Aber alle Fruchtgemüse haben eine lange Reise hinter sich, die noch weiter erscheint, wenn wir sie aus mitteleuropäischer Sicht betrachten.
Chili und Paprika kamen mit den Portugiesen von Südamerika nach Europa, reisten aber gleich, ohne allzu viel Aufsehen zu erregen, weiter nach Afrika und Asien, wo sie ganz offensichtlich auf eine Küche und Esskultur trafen, die gerade auf ein leicht anzubauendes scharfes Gewürz gewartet hatte, das den fast unerschwinglichen Pfeffer ersetzen oder ergänzen könnte. Richtig nach Europa und Amerika schafften sie es zuerst als Sweet Pepper (Paprika ohne das scharfe Capsaicin) und dann im 20. Jahrhundert immer stärker über den globalen Einfluss der asiatischen Küche.
Christoph Columbus brachte die Tomate von Süd- und Mittelamerika nach Europa, aber hier wusste man zuerst kaum etwas damit anzufangen. Vielleicht eine Zierpflanze? Oder gar giftig? Und was sollte man mit einer so wässrigen und sauren Frucht. Die Anwesenheit von Tomatensäure kann jeder bestätigen, der einmal versucht hat, ohne zusätzlichen Zucker und mit ungeeigneten Tomaten eine Sauce einzukochen.

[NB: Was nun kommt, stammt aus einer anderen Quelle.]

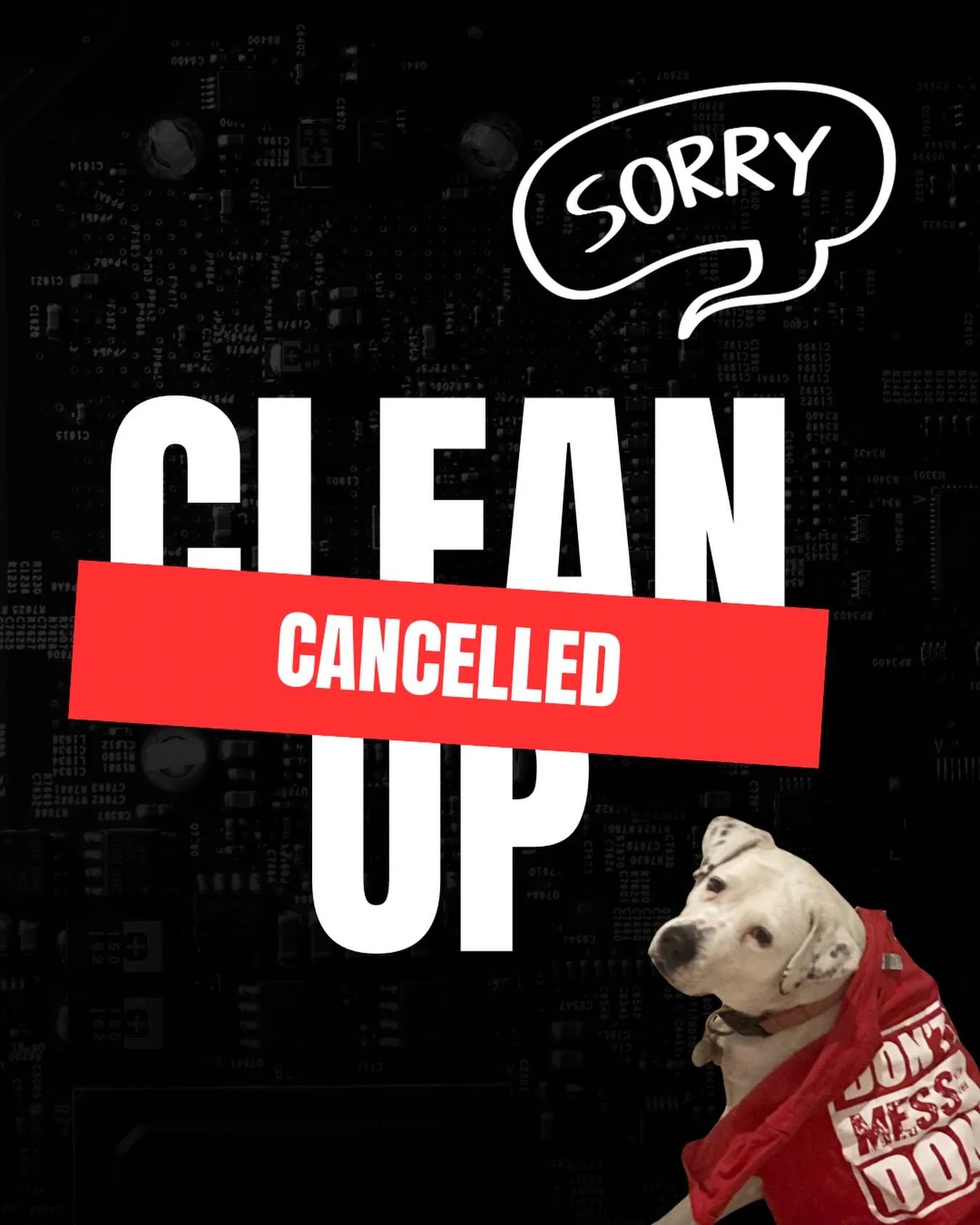 Hi Everyone. We had our fingers crossed that the forecast might improve a bit and the rain would abate somewhat. Unfortunately, no. Today's cleanup is cancelled. The weather looks great for two big events tomorrow at 10 am. Hope everyone can be there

In Italien kam ganz offensichtlich zuerst die gelbe Tomate an, also war man schnell mit der Bezeichnung Goldapfel, pomo-doro zur Hand. Auf den Apfel und eine unheilvolle Rolle im Paradies verweist auch die Bezeichnung ‘Liebesapfel’, oder ‘Paradeiser’. Und so wurde in den ersten paar hundert Jahren die Tomate hin und her geschoben zwischen Giftpflanze und Aphrodisiakum, in den USA des 19. Jahrhunderts brachte sie es sogar zwischenzeitlich zur Berühmtheit als Heilmittel für fast gar alles. Aber langsam aber sicher, in den Gärten der südlichen Länder, aber auch über die Industrialisierung der Landwirtschaft in den USA (Tomatenkonserven, Tomatensuppe), begann sich die Tomate immer stärker in unsere Esskultur einzuschleichen, sodass wir uns einen Einkauf ohne Tomaten und einen Garten ohne Tomaten kaum mehr vorstellen könnten.

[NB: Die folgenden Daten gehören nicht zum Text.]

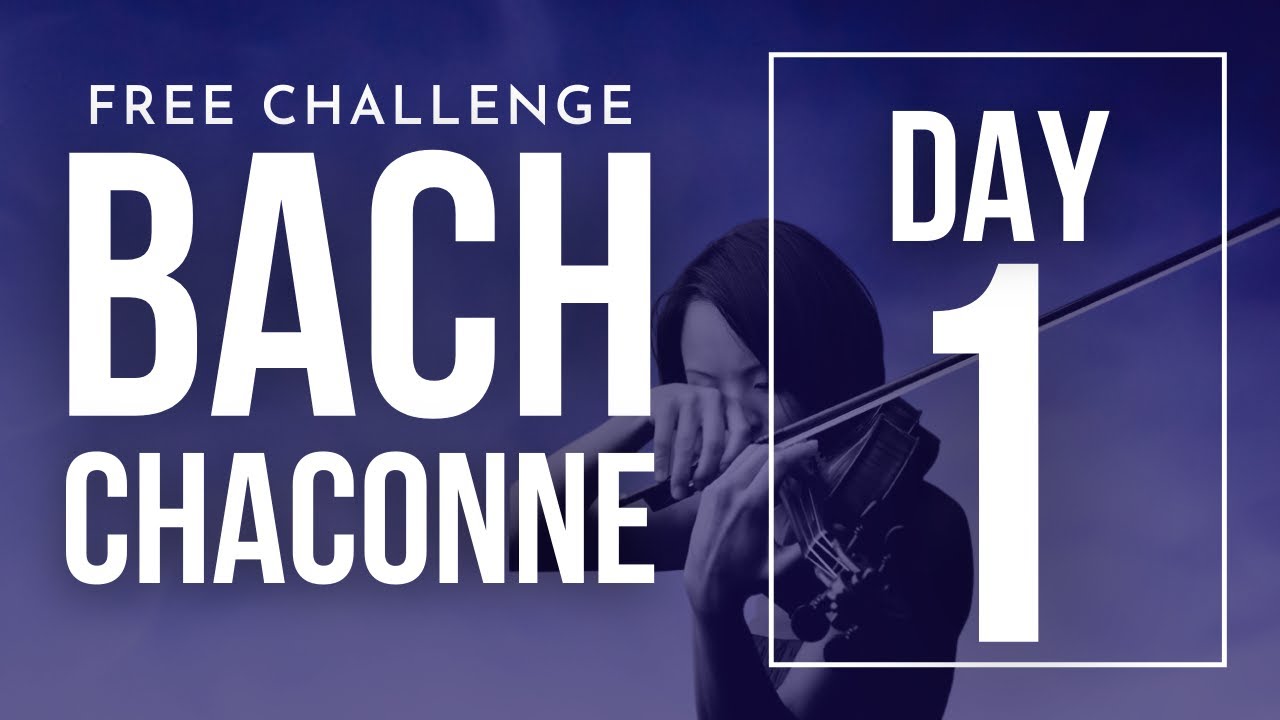 Bach Chaconne Challenge - Day 1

Die Reise der anderen Fruchtgemüse
Gurken starteten vor 3000 Jahren als kultivierte Früchte in Indien, kamen aber schon früh, vor 2000 Jahren über Griechenland ins alte Rom. Damit könnte man die grünen Erfrischer wohl fast schon als einheimisch bezeichnen.
- Auberginen, die aus dem tropischen Indien stammen, reisten im ersten Jahrtausend nach Christus mit den Arabern nach Europa, zuerst kamen sie natürlich im maurischen Spanien an.
- Die Kürbisse (und damit auch die unreifen Gartenkürbisse, die wir Zucchini oder Zucchetti nennen) teilten den Weg der Tomaten, aber in Europa ging es sehr lange, eigentlich bis ins 20. Jahrhundert, bis sie wirklich als Lebensmittel und nicht nur als Viehfutter ihren Platz fanden. Das ist doch etwas erstaunlich, da sie doch von ihren bescheidenen Ansprüchen her auf den ersten Blick von allen Fruchtgemüsen am besten ins mitteleuropäische gemässigte bis nördliche Klima gepasst hätten. In den USA ging der Angewöhnungsprozess (Squash) schneller vonstatten.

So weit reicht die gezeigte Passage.